If you are longing for that delicious old Mumford folk/rock sound, look no further. The British alternative rock band Bear’s Den was formed in 2012. Its record label, Communion, was founded by Ben Lovett of Mumford & Sons, and the two bands are very supportive of each other. They were also featured in the must-see documentary Austin to Boston with Ben Howard, Nathaniel Rateliff, and The Staves (all exceptional acts in their own right).
Gregory Alan Isakov
Born in South Africa, raised in Philadelphia, and now living in Colorado, Gregory Alan Isakov uses his extensive travels to influence his songwriting. I would recommend this folk artist if your tastes are on the slower side of the folk spectrum. He is an exceptional songwriter and all-around nice guy. There isn’t just one album of his I could recommend because, to be honest, they are all exceptional, but you’re well-off starting with his 2009 album This Empty Northern Hemisphere.
I cannot say enough about the Scottish rock band Frightened Rabbit. Scott Hutchison’s lyrics are the honest, real kind that sear through you. Listen to the song “Poke” from The Midnight Organ Fight, an album that sounds like it stems from a pretty epic breakup. If you are into new Mumford, give it a listen. The band’s new album, Painting of a Panic Attack, comes out April 8. In the meantime I recommend The Midnight Organ Fight and The Winter of Mixed Drinks. Frightened Rabbit is currently touring, so get your tickets while you can (*cough* I already got mine *cough cough*).
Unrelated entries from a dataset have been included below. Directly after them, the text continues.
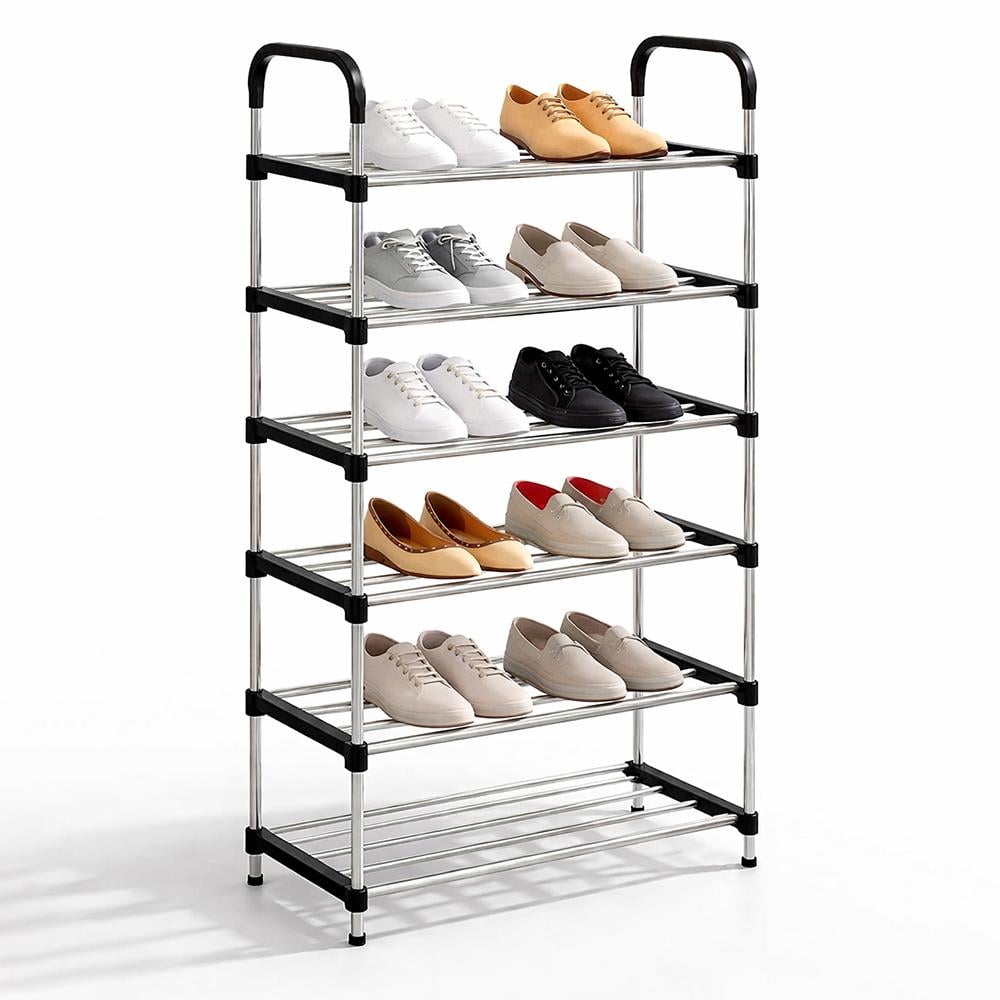 Полка для обуви 6 ярусов напольная металлическая 54x28x123 см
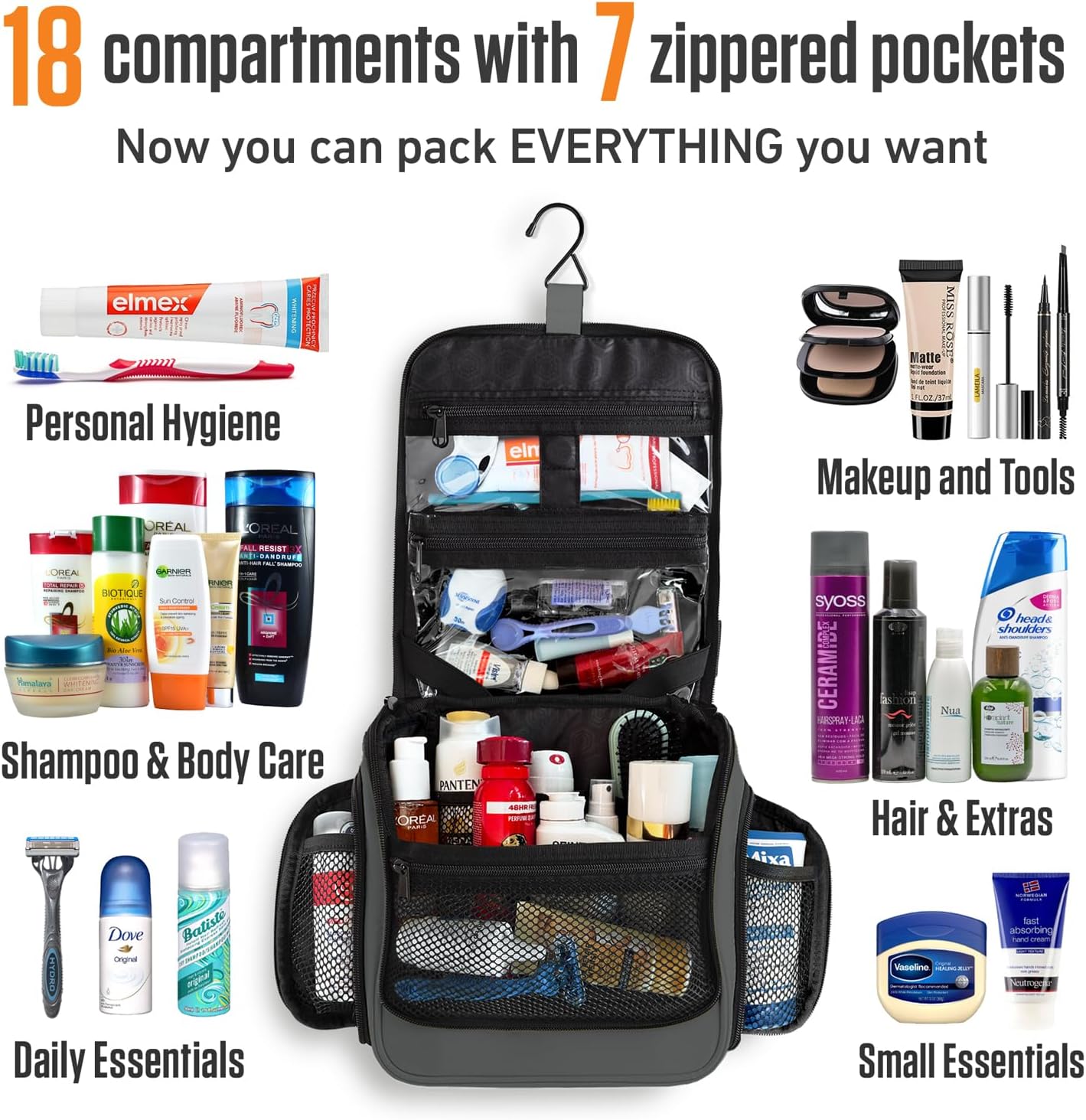 VENTURE 4TH Hanging Travel Toiletry Bag for Women & Men - Travel Organizer with Expandable Compartments & Removable Clear Pouch for Toiletries (Gray)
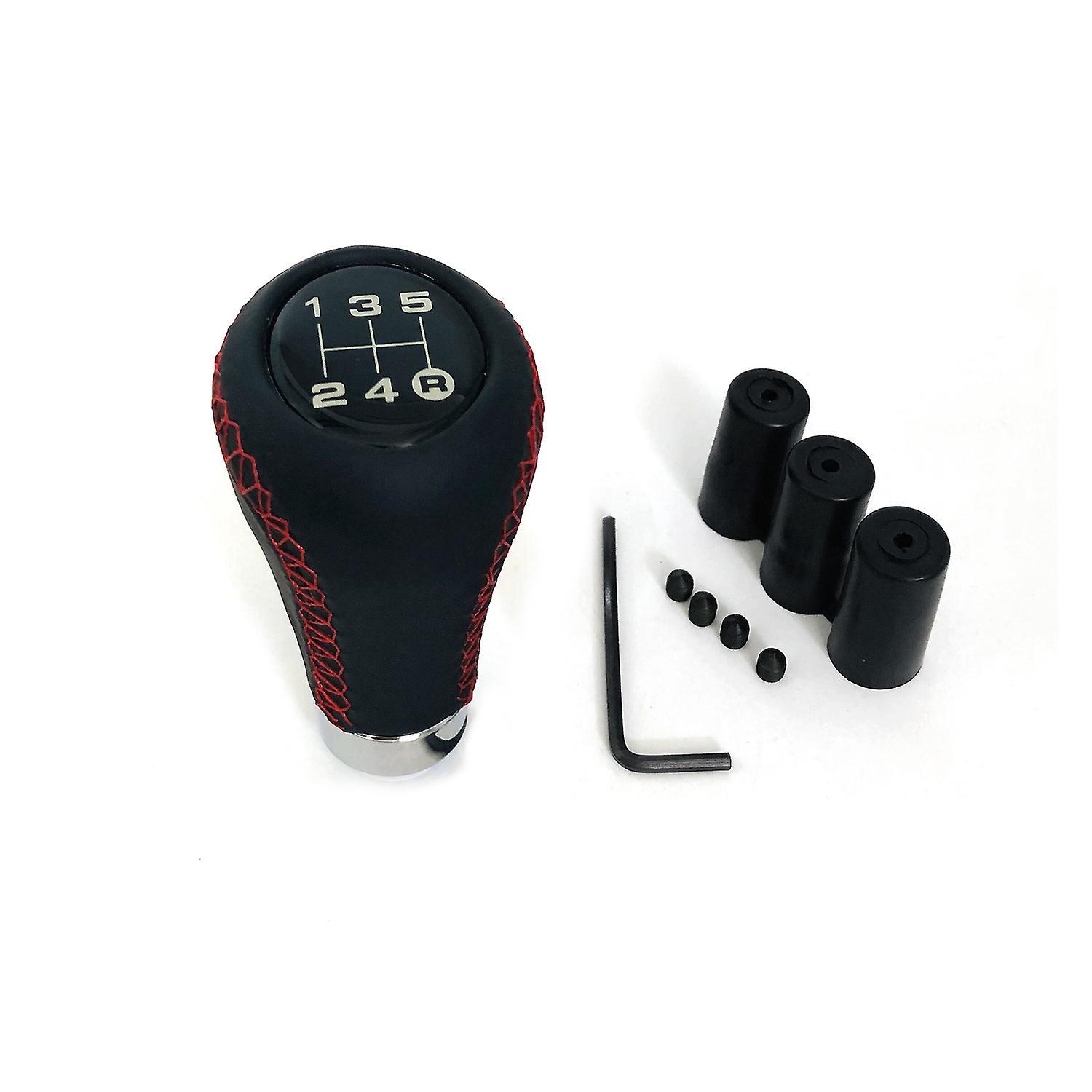 Schaltknauf Für Pkw, Schaltgetriebe, Schwarzes Leder, Rote Ziernähte, 5-gang, Universell, 8 Mm, 10 Mm, 12 Mm
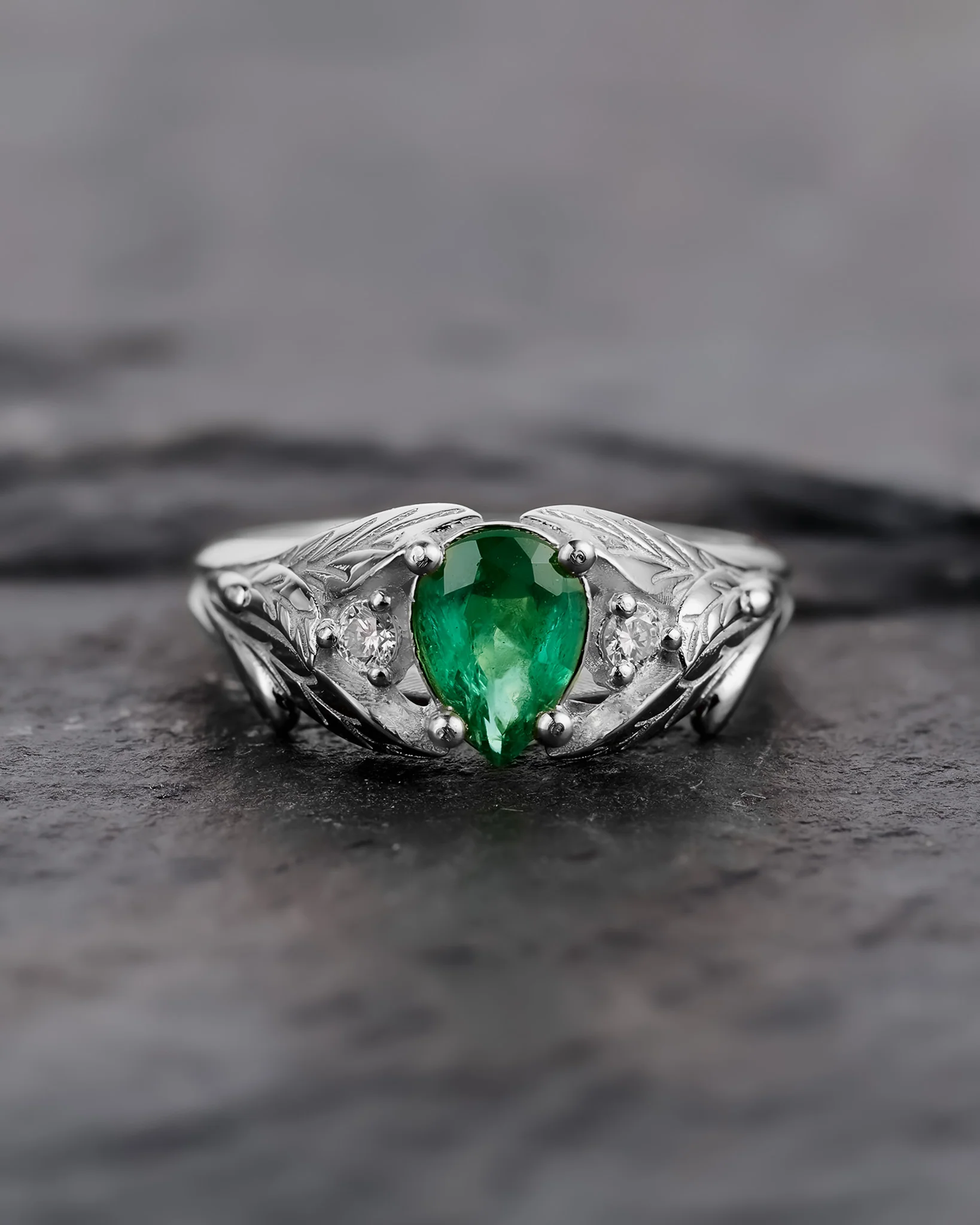 Natural emerald engagement ring with side diamonds / Wisteria - Image 5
If you couldn’t tell, I am about half a cup obsessed with all things Scott Hutchison (the lead singer of Frightened Rabbit), who is the mastermind behind Owl John. I would say this is a happy medium between new and old Mumford, but it most definitely forges a unique sound of its own. Not only does this man write straight poetic lyrics, but he also does his own album artwork. Before starting Frightened Rabbit, he studied illustration at the Glasgow School of Art. Owl John has a slightly more chill sound because he was wanting to get away from the Frightened Rabbit sound. My personal favorite track on his album is “A Good Reason to Grow Old.”
Dry the River
English alternative rock band Dry the River is another group that would appeal to fans of both new and old Mumford. It’s a little more on the slower side with songs such as “Shallow Bed” (which I recommend). Unfortunately on November 12 last year, the band members announced that they were splitting up to go their own ways. They did leave a parting gift to fans, however, with a final EP titled Hooves of Doubt.
First Aid Kit
Sisters Klara and Johanna Söderberg are the Swedish folk duo that make up First Aid Kit. In their early and mid twenties, they already have one EP and three albums under their belt. They almost sound like Brandi Carlile but a little softer, and they’ve toured and recorded with big names such as Conor Oberst and Jack White. The main point I would like to make is that I want to put them in a suitcase, fly to Greenwich Village, set them on the stage of The Bitter End, and force them to perform so that all who are listening can be transformed back to when the sixties folk era was just coming up. Dream big, right?
City and Colour
With a voice like butter, Canadian singer Dallas Green performs acoustic folk music under the name City and Colour (Dallas = city, Green = color ... clever). Green was the guitarist and backup vocals for Alexisonfire in the past, but you might also recognize him from You+Me, which is the duo of Green and Alecia Moore (also known as Pink). He says the best music for him is sad music, which is awesome if you’re a Mumford fan. If you too love sad acoustic folk music, hearten yourself with that there’s a wealth of music left to discover.